Theaters and amusement parks, for one, tend to have high percentages of fixed costs like rent or depreciation of rides, which can actually help boost their cash flow, says Mulford. “When revenues increase, costs don’t increase as quickly, boosting operating margins. The fortunes of this industry are very much tied to domestic discretionary spending.”
If the economy strengthens, this group should experience an even further increase in free cash margin, he notes. The companies also should be fairly well protected against a weak global economy, since the firms are mostly domestic in scope.
Improving fortunes in this group, he adds, are being driven by growing revenues, which are up almost 9 percent, to a median of $539 million for the 12 months ended Q1 2013 from $496 million for the 12 months ended Q1 2012. Sales were also up 16.4 percent from the low of $463 million reached in the 12 months ended Q1 2011.

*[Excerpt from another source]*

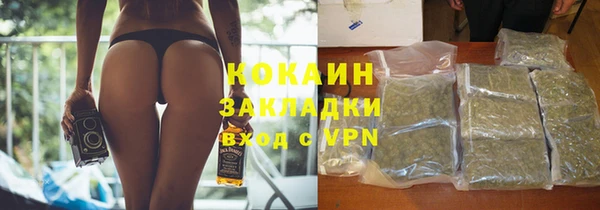 дмт Няндома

But other industries aren’t so well positioned when it comes to revenue and free cash margin. The precious-metals industry, which consists primarily of gold and silver mining companies, saw a significant decline in median revenues, says Mulford, noting that a precipitous decline in precious-metals prices hurt operating margins. Median revenues are off 25 percent for this sector, from a peak of $208 million reached in the 12 months ending June 2011, down to $208 million in the March 2013 reporting period.
“When revenues fall as fast as they have for this group, companies are unable to cut operating expenses as quickly, hurting operating margins (operating cushion) and, accordingly, free cash margin,” he explains. For this group, he says, a declining revenue base will likely continue to put pressure on free cash margin, which has declined 94 percent year over year for the 12 months ending March 2013.